In any gathering there's an element of advertising, but one should be careful they're not perceived by most as a soapbox buffoon (what pops alludes to). By "by most" I mean in mentioning any accomplishment (e.g. having published a book), to some it's a red flag regardless. While hopefully to the majority, if done subtly enough, it's an interesting aspect others may follow-up on. So in essence, the advertising is selling yourself as an interesting acquaintance. If you look carefully around this site, you'll see good and bad examples you might learn from ;-) 

Now, if I could only practice what I preach. I've spent my life more at home observing in the natural world. Even my early education was in a one-room schoolhouse, not the sardine can world so many are accustomed to today. So far in life I've avoided internet age social media. Even joining this site was a first time experience. 

As far as coming here to improve my writing, the impetus was that I tired of authoring papers that only the choir read. I came to the conclusion that broader understanding might better be achieved piecemeal as an underlying thread in a storyline, so embarked on eco-fiction. 

Of course, we all pursue improving our writing for different reasons, not to mention with different drives. So even here the interaction in helping each other is best served on a somewhat impersonal level. That interests may develop in each others writing is a potential benefit, but is a turnoff if pursued overtly.
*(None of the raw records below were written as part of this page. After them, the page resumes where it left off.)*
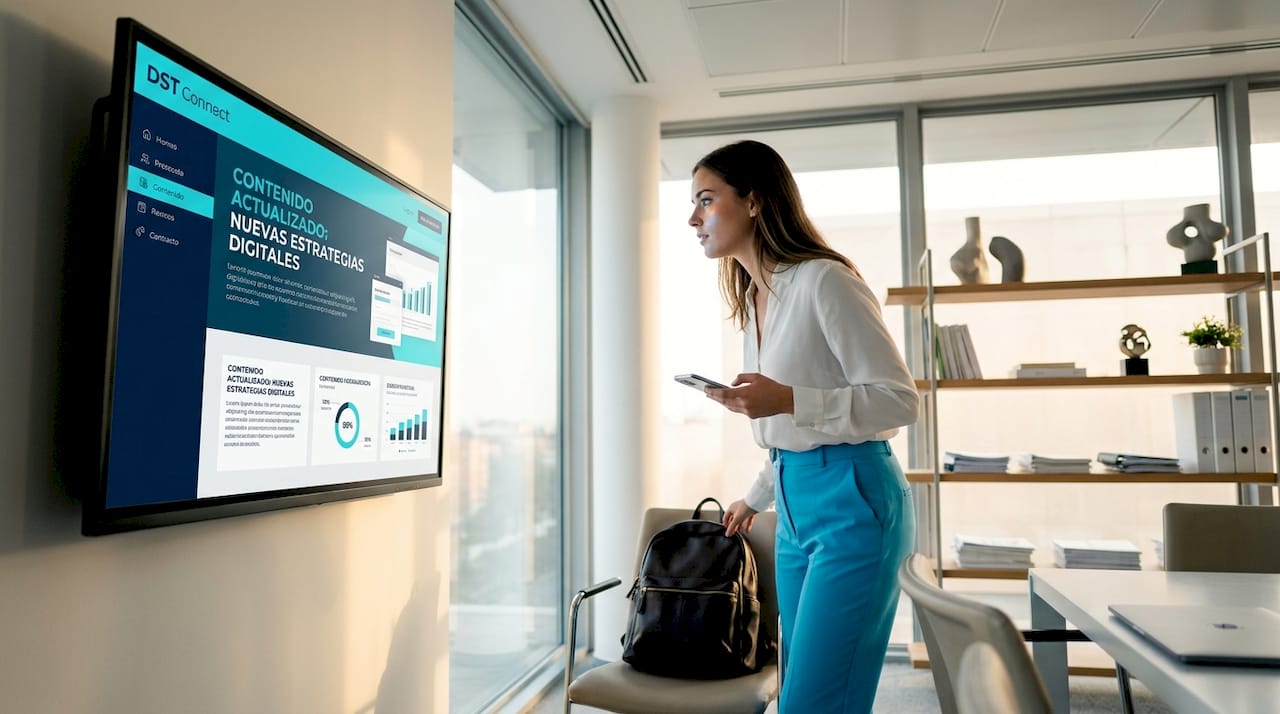 Persona revisando información en una pantalla digital de la empresa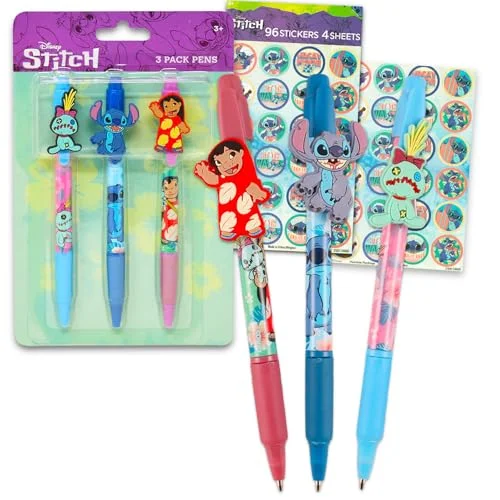 Premium Cartoon Character Stationery Set with 3 Pens and Decorative Stickers for Kids School Supplies (3-Piece Set) eaouv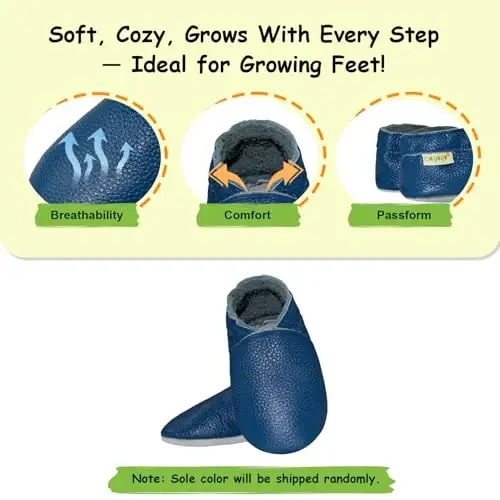 SAYOYO Leather Infant Slippers Toddler Soft Sole Shoes First Walker Crib Shoes Baby Moccasins for Boys and Girls - 2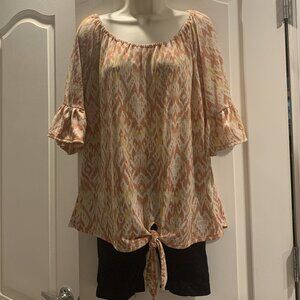 Cure. Tie Front, Ruffled Sleeve Blouse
I would think that in the broader world of internet age social media, one has to be even more subtle, but it's a confusing world to me.


----------



## InnerFlame00 (Sep 30, 2015)

popsprocket said:


> And this is another fundamental misunderstanding of B2C social media.
> 
> Do not use social media to push your product. End of story. If you've got a new release coming out then share the link, but don't spam it. Do it once and move on...



I don't spam or over-post. For example, on my tumblr account I share a lot of different things from different people, and my fanart is very well liked. I have over 50 followers and we all share similar interests. However when I post original stuff (once in a while) nothing much happens. I reblog a cute puppy? 20 reblogs. I make a funny comment about fanfiction? Over 100 reblogs. I post an original comic? 2 reblogs. I've tried posting at different times, etc and nothing changes that fact. I'm pretty sure my comics just aren't relateable enough, or I simply suck *shrugs*. Or I'm funny, but not funny enough for anyone to take notice. At this point I'm just wasting my time and energy for no payout. I've had about the same experience on all social media platforms. They've been pretty worthless to me.


----------



## LeeC (Sep 30, 2015)

InnerFlame00 said:


> I don't spam or over-post. For example, on my tumblr account I share a lot of different things from different people, and my fanart is very well liked. I have over 50 followers and we all share similar interests. However when I post original stuff (once in a while) nothing much happens. I reblog a cute puppy? 20 reblogs. I make a funny comment about fanfiction? Over 100 reblogs. I post an original comic? 2 reblogs. I've tried posting at different times, etc and nothing changes that fact. I'm pretty sure my comics just aren't relateable enough, or I simply suck *shrugs*. Or I'm funny, but not funny enough for anyone to take notice. At this point I'm just wasting my time and energy for no payout. I've had about the same experience on all social media platforms. They've been pretty worthless to me.


Audience is an important aspect. I just looked at your blog, saw one strip I could understand and identify with, and entered a comment (I don't understand a lot of fanart these days). Then the site tried to get me to sign up with Google whatever, which annoyed me. I'm a very private person and don't like being taken where I don't want to go. No reflection on you intended, but passing out info, even just an email address, is something I try to avoid.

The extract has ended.